▶ What you have to do
Print the data that follows exactly as it stands, from its first line through the line containing "Apple Etui na", and stop there.
--- Data shown Enclosed Below ---
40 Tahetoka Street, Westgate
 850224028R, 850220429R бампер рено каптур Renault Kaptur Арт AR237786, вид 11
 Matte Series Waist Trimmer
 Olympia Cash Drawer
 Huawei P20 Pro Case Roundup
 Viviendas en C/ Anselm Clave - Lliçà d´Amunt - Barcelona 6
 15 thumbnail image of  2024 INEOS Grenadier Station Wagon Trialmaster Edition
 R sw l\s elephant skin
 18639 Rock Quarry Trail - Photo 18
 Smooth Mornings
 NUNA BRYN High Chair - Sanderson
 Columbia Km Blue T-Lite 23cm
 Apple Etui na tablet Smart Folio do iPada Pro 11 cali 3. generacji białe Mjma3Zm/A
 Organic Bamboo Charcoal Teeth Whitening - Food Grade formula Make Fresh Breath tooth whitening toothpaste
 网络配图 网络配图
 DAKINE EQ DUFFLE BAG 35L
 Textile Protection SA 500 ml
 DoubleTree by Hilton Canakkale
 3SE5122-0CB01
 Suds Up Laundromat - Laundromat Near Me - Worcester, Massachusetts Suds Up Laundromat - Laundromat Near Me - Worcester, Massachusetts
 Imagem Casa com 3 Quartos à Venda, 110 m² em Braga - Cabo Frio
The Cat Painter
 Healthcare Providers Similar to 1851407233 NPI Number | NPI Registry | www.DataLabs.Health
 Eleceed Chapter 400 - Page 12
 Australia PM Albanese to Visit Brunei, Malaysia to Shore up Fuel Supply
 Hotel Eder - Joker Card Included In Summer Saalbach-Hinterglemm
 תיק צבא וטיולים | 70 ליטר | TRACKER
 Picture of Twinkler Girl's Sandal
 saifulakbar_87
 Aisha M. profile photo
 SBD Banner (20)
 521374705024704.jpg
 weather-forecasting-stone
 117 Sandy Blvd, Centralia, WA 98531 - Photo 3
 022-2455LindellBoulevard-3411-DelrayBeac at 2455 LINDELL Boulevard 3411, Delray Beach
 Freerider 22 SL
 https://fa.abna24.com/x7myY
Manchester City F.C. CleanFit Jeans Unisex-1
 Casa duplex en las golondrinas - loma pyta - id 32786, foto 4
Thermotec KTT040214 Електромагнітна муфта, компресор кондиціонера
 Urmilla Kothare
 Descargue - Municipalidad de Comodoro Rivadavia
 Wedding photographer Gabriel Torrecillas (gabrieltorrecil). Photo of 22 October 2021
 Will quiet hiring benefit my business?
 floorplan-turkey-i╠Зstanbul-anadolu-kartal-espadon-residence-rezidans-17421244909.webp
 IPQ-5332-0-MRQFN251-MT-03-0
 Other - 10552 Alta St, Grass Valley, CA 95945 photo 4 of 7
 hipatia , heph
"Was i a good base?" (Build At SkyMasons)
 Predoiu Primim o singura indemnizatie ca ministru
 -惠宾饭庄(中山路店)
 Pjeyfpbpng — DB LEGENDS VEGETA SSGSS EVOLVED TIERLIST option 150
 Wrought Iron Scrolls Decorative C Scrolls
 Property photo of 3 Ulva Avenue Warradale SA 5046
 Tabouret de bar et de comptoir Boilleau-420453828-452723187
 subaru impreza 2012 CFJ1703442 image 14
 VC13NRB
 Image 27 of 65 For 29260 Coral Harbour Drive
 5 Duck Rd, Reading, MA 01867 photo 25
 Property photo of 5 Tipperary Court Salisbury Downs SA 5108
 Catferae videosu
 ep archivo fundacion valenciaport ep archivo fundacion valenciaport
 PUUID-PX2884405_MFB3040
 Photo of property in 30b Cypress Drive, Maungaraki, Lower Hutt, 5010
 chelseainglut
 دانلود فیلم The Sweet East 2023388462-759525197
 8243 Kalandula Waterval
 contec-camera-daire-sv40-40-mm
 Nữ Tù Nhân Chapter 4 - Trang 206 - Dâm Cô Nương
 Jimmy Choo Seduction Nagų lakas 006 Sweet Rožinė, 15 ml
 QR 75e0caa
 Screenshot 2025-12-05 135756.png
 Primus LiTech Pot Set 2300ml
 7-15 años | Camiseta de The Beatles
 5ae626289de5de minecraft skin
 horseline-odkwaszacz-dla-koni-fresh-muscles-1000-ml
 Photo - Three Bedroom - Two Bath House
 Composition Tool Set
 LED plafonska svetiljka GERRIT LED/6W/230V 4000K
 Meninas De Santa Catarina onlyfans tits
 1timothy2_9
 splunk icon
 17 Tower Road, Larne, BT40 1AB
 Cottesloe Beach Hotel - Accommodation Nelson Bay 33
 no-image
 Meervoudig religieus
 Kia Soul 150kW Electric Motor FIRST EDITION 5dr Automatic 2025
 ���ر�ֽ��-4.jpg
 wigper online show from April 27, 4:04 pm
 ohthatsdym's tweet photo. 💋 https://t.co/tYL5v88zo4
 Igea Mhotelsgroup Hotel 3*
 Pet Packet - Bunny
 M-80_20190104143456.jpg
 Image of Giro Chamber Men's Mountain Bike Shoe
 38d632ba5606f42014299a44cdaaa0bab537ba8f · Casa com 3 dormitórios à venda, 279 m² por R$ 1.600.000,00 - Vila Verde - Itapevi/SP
--- End of Enclosed Data shown ---
▶ Output of the exercise
40 Tahetoka Street, Westgate
 850224028R, 850220429R бампер рено каптур Renault Kaptur Арт AR237786, вид 11
 Matte Series Waist Trimmer
 Olympia Cash Drawer
 Huawei P20 Pro Case Roundup
 Viviendas en C/ Anselm Clave - Lliçà d´Amunt - Barcelona 6
 15 thumbnail image of  2024 INEOS Grenadier Station Wagon Trialmaster Edition
 R sw l\s elephant skin
 18639 Rock Quarry Trail - Photo 18
 Smooth Mornings
 NUNA BRYN High Chair - Sanderson
 Columbia Km Blue T-Lite 23cm
 Apple Etui na tablet Smart Folio do iPada Pro 11 cali 3. generacji białe Mjma3Zm/A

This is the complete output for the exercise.